In a venture with Canadian partner Husky Energy Inc , state-controlled Statoil said it had found between 300 million and 600 million barrels of recoverable oil about 500 kilometres (300 miles) off the coast of the Canadian province of Newfoundland and Labrador.
"This is the biggest Statoil-operated oil discovery outside Norway, so it's a pretty big day for us," Statoil exploration chief Tim Dodson said on Thursday.
There are currently three major oil projects off the Newfoundland coast: Hibernia, Terra Nova and White Rose. All are located in the Jeanne d'Arc Basin, 350km (200 miles) southeast of St John's. In total, they produced around 197,000 barrels per day last year, and a fourth development, Hebron, is scheduled to start operating in 2017.
While the latest Statoil find is a significant discovery for offshore Canada, it pales in comparison with output from the country's oil sands, in Alberta, where production is forecast to hit 5.2 million barrels a day by 2030.

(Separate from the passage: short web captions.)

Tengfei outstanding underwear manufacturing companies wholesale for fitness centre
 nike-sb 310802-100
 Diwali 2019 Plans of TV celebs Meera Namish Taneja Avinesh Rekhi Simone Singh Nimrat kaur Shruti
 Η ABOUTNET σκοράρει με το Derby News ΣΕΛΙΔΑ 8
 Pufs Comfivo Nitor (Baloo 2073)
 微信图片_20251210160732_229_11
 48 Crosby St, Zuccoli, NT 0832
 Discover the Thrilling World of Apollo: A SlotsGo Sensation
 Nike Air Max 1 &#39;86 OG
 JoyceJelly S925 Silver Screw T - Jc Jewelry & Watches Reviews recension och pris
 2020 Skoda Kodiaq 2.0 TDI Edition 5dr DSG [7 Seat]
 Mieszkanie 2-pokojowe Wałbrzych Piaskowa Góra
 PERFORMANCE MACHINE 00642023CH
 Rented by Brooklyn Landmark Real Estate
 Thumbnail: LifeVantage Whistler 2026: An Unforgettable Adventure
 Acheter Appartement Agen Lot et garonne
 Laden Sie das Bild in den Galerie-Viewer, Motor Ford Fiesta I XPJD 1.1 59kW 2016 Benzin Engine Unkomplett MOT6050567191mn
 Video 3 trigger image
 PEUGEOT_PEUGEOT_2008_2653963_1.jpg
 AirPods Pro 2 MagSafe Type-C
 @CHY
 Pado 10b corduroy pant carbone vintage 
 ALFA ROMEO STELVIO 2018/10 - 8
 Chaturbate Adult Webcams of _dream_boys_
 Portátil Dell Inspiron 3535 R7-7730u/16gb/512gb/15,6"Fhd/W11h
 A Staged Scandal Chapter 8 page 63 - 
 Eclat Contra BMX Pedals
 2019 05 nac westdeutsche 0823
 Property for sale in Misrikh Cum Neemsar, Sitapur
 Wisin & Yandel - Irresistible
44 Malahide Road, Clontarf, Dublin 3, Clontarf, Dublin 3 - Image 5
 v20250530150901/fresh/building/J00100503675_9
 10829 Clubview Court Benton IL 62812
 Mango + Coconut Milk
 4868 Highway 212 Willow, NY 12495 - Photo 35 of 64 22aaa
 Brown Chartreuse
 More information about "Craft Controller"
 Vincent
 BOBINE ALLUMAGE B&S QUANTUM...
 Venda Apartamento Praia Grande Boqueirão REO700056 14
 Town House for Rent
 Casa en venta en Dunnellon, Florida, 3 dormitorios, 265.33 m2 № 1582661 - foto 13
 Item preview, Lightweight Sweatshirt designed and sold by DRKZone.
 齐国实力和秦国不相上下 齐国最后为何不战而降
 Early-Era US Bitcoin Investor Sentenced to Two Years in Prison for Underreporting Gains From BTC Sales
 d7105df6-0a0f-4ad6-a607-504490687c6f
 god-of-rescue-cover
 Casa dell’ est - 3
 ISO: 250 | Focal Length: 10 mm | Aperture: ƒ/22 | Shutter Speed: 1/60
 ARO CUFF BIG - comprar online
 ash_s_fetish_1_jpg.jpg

Statoil, once a domestic focused explorer, has expanded rapidly over the past decade and recently made big discoveries in Brazil, Tanzania, the North Sea and the Norwegian Arctic.
The Bay du Nord discovery is in addition to the nearby Mizzen find, which could contain up to 200 million barrels of recoverable oil, and the Harpoon discovery, which still needs to be evaluated.
Analysts said the latest discovery could add between 1 and 3 crowns to the Statoil share price, which would raise the company's market value by between $530 million and $1.59 billion.
"This is an area with relatively favorable tax conditions and although there is deep water, I think this might be worth about 4 dollars per barrel and in excess of 2 Norwegian crowns per Statoil share," said Anne Gjoeen, an oil sector analyst at Handelsbanken.
Analysts at Deutsche Bank valued the discovery at 3 crowns a share with potential upside.
The stock was up 1.2 crowns, or 0.9 percent, at 138.0 at 0931 GMT, outperforming a 0.1 percent fall in the European oil and gas sector.
The stock has gained 6 percent over the past month, the most among European majors, according to Thomson Reuters data.
Statoil will need more time to evaluate the discovery and its efforts could be slowed by ice conditions in the area. "Rig availability is an issue here as there are only certain rigs which can perform this activity," Dodson said.
Icebergs are an added difficulty, and Statoil must be prepared to locate and tow them away from drilling platforms.
Dodson added that once Statoil returns, it would drill two or three wells and given rig availability that may not happen before 2015. The company's licences are spread over 8,500 square kilometres in an area called the Flemish Pass, where Statoil is the only operator.
"The Flemish Pass has the potential to become a core producing area for Statoil post-2020," Dodson added.
The company aims to lift its daily output to more than 2.5 million barrels of oil equivalents a day by 2020 from a current 2 million.
Statoil operates all three of the Canadian licences and holds a 65 percent stake, while Husky Energy Inc has a 35 percent interest.
"Together, these discoveries confirm significant opportunity in the Flemish Pass Basin and could be developed in tandem. Husky and Statoil will continue to evaluate the potential for commercial development of the discovered resources," Husky Energy said in a statement.
Husky's shares were last up more than 1 percent at C$30.12 on the Toronto Stock Exchange.